Italy understands it must tighten its public finances, its finance minister said on Friday after talks with EU authorities, signalling that ambitious spending plans set out by Rome would not conflict with Brussels' fiscal rules.
Giovanni Tria offered his reassurances after speaking with European Commission Vice President Valdis Dombrovskis on the sidelines of a meeting of European Union finance ministers.
The leaders of the parties in Italy's government, the far-right League and the anti-establishment 5-Star Movement, have been promising since forming their coalition in June to spend more and tax less, unnerving markets as well as authorities in Brussels.
Investors have heavily sold Italian debt as a result, prompting a more conciliatory tone this week from the government on its budget plans.
Dombrovskis said in a tweet that Tria had acknowledged that Italy needed to cut its structural deficit and start reducing public debt in its 2019 budget.
Very good meeting with Finance Minister Tria.

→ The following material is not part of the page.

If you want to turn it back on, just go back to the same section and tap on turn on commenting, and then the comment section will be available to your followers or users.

We have a shared understanding of the economic situation and the objectives of the next budget to bring the debt on downward path and pursue an improvement of the structural deficit #Italy pic.twitter.com/Td9DwDut21— Valdis Dombrovskis (@VDombrovskis) September 7, 2018
The minister tweeted in turn that his meeting with Dombrovskis produced a common line on adopting "measures for economic growth which are in line with rules and allow an improvement of public finances".

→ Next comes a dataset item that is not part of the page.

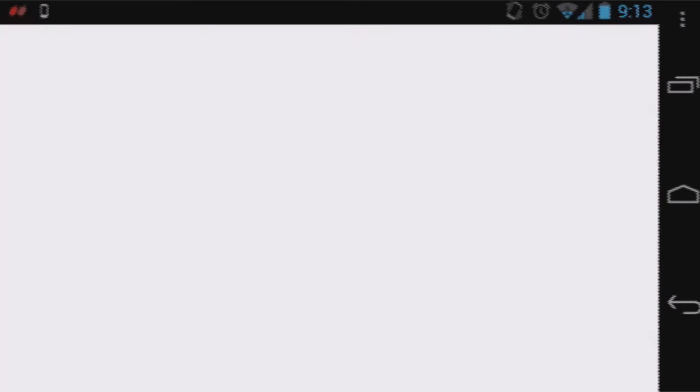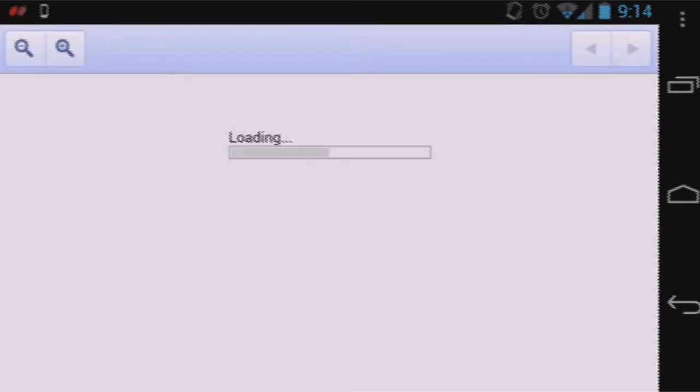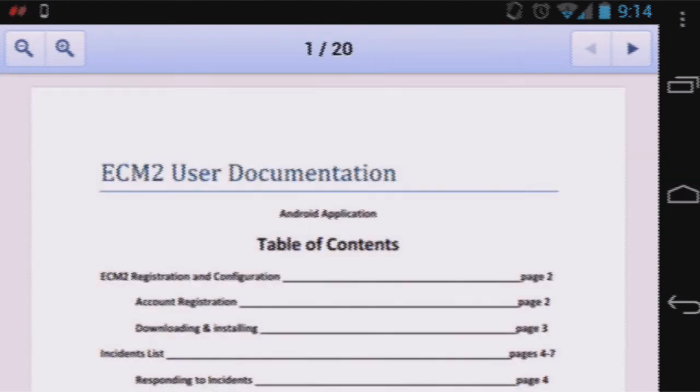Wait for the manual to load — there you go.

However, Tria has consistently been the most fiscally conservative voice in the coalition, and new divisions might yet emerge within the government over its spending plans.
An improvement of 0.1 per cent of gross domestic product in Italy's structural balance would translate into a headline deficit of between 1.5 and 1.7 per cent, EU officials and economists estimated.
Sources in Rome said on Monday that Tria, an academic who is not a member of either of the governing parties, is pushing to keep next year's deficit below 2 per cent of GDP.
But the League is pressing for a fiscal gap at least 2 per cent to carry out its ambitious tax plans.
Italy already has a debt of 132 per cent of GDP, the second highest in the euro zone, and feeding that with a high deficit would fuel market concern about its ability to repay. Last week, Fitch rating agency changed the outlook for Italian debt to negative from stable because of expected higher borrowing.
But as the costs of borrowing for Italy rose, the coalition leaders toned down their rhetoric, pledging not to "blow up public accounts" and to phase in its economic programme. Yields started to decline in response.
Italy, like all other eurozone countries, will have to submit its draft budget for next year to the European Commission by mid-October for checks to see if it is in line with EU rules. Should the draft blatantly contravene them, the Commission has the option of sending it back to be changed.
EU rules oblige governments to keep cutting the structural deficit - a measure that strips out the effects of the business cycle and one-off income and spending - until the budget is in balance or in surplus.
Under EU rules, Italy should cut its structural budget deficit, seen at 1.7 per cent of GDP this year, by 0.6 per cent of GDP in 2019.
This might be difficult, because even with no change in policies, let alone higher spending and tax cuts, the structural deficit will rise next year to 2 per cent of GDP, the European Commission forecasts.